By Nate Raymond
(Reuters) -President Donald Trump’s administration is escalating its battle with the U.S. judiciary over rulings that have stymied his agenda by filing a lawsuit with an unusual set of defendants: The judges themselves.
The Justice Department in a lawsuit filed late on Tuesday sued the U.S. District Court for the District of Maryland and all 15 of its judges over an order last month that automatically blocks for two business days the deportation of migrants in the state who file a new lawsuit challenging their detention.
The administration’s lawsuit, filed in Baltimore, argues that the standing order runs afoul of U.S. Supreme Court precedent governing the standards for when and how a court can issue an injunction and that, under the Immigration and Nationality Act, courts lack authority to interfere with deportation proceedings.
The Justice Department is seeking a court ruling declaring the order to be unlawful and an injunction blocking the judges from enforcing it. The department asked that the Maryland federal judges recuse themselves from hearing the case and instead have a federal judge from another state hear it.
A representative for the Maryland court declined to comment.
The order at issue cited a “recent influx of habeas petitions concerning alien detainees purportedly subject to improper and imminent removal from the United States.” A habeas petition is a legal action challenging the legality of a person’s detention.
The two-day automatic pause on deportations being carried out as part of the Republican president’s hardline approach toward immigration was designed to ensure that migrants are not removed from Maryland before their cases could be reviewed.
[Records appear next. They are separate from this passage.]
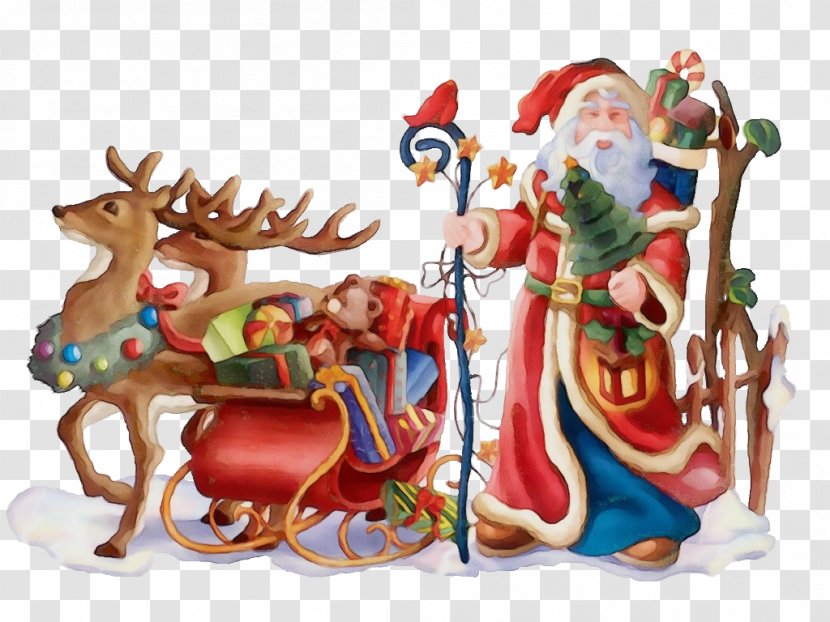 Santa Claus - Deer - Christmas Eve Toy Transparent PNG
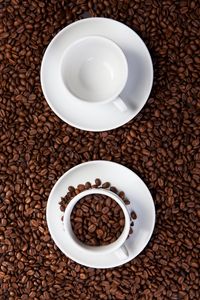 Preview wallpaper cups, coffee beans, coffee, brown, white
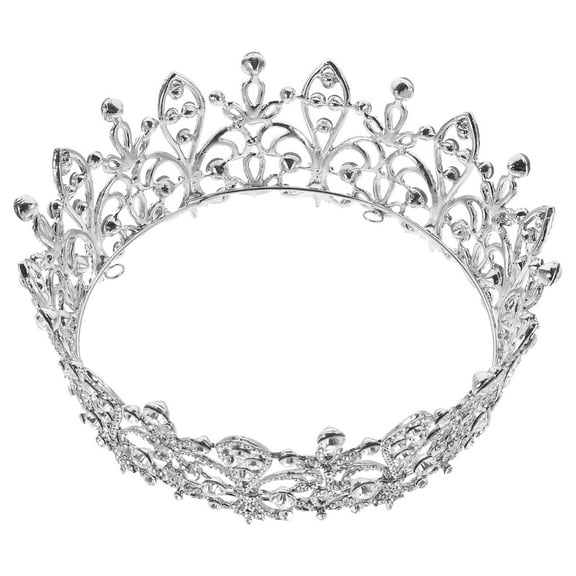 SEWCHICS Round Crown for Women Tiara Crown Headband for Birthdays 1Pack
The order was signed by Chief U.S. District Judge George Russell, who like the majority of the judges in the Maryland court was appointed by a Democratic president.
The court issued the order after months of litigation in Maryland over the Trump administration’s deportation of Kilmar Abrego Garcia to El Salvador despite a 2019 immigration court ruling that he not be sent there because he could be persecuted by gangs. Abrego is a Salvadoran national who lived in Maryland. His wife and young son are American citizens.
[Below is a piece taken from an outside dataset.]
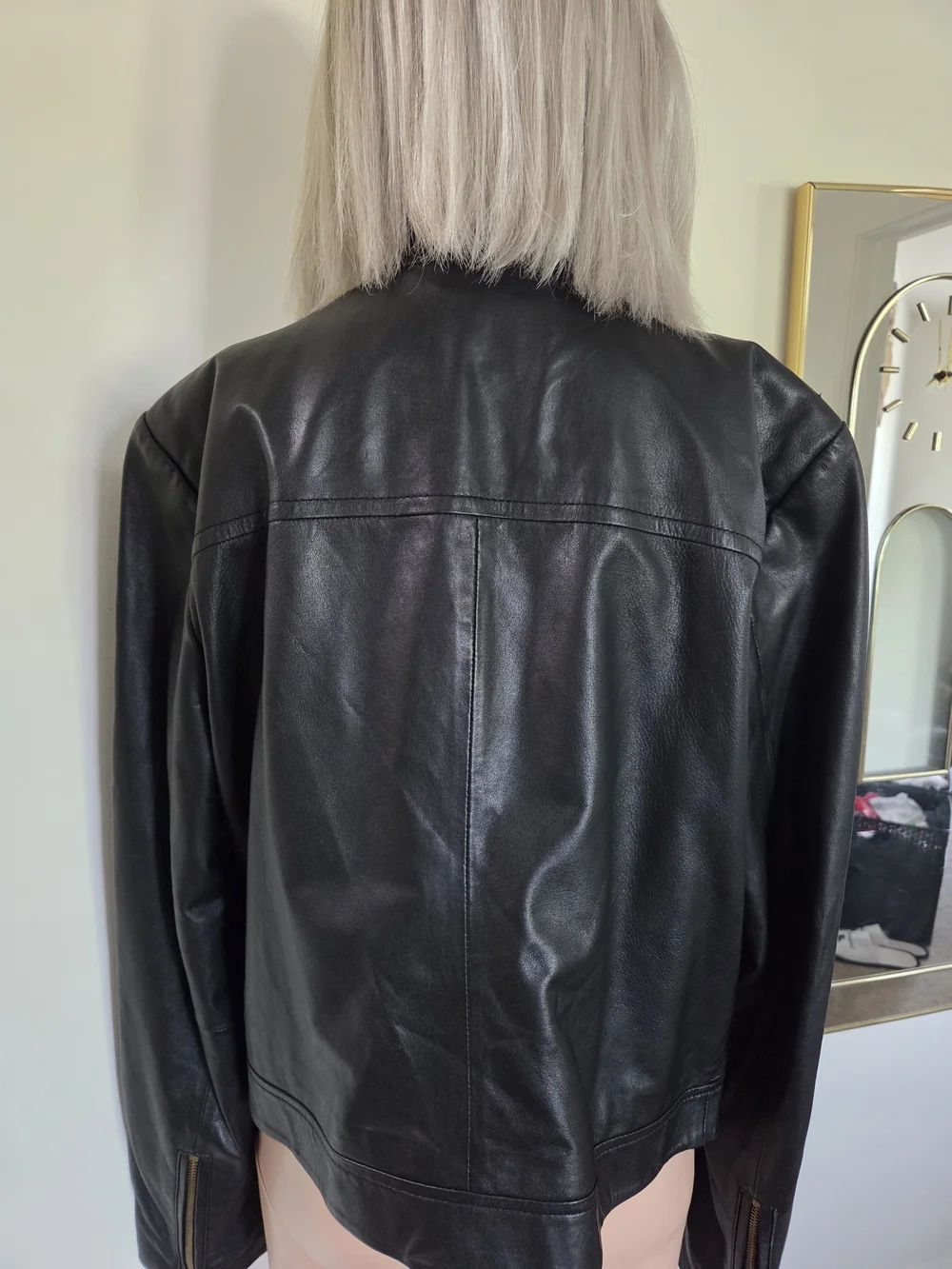 Michael Kors Womens Black Leather Moto Jacket with Gold Hardware Size 16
That case led to weeks of questions about whether the administration would abide by an order by a federal judge in Maryland that it help “facilitate” Abrego’s return. He was deported on March 15 and was returned on June 6.
The standing order said cases by detained migrants sometimes were being filed in the evenings or on weekends and holidays, resulting in “hurried and frustrating hearings” in which obtaining clear information about the location and status of the migrant detainees at issue had been “elusive.”
The Justice Department in its lawsuit called the order an “egregious example of judicial overreach, one that would interfere with the Trump administration’s prerogatives and the president’s vast authority over immigration enforcement.
It called the order the latest example of what it said was an unprecedented number of injunctions issued by judges nationally blocking administration policies, which the Justice Department called an “unlawful restraint” on Trump’s powers. The judges issuing these orders have done so after finding various actions by Trump and his administration to be unlawful.
“Every unlawful order entered by the district courts robs the Executive Branch of its most scarce resource: time to put its policies into effect,” the Justice Department stated in the lawsuit. “In the process, such orders diminish the votes of the citizens who elected the head of the Executive Branch.”
Abrego was brought back only after the Justice Department charged him with migrant smuggling. He has pleaded not guilty and was due back in court on Wednesday for a judge in Tennessee to set the conditions of his release from jail.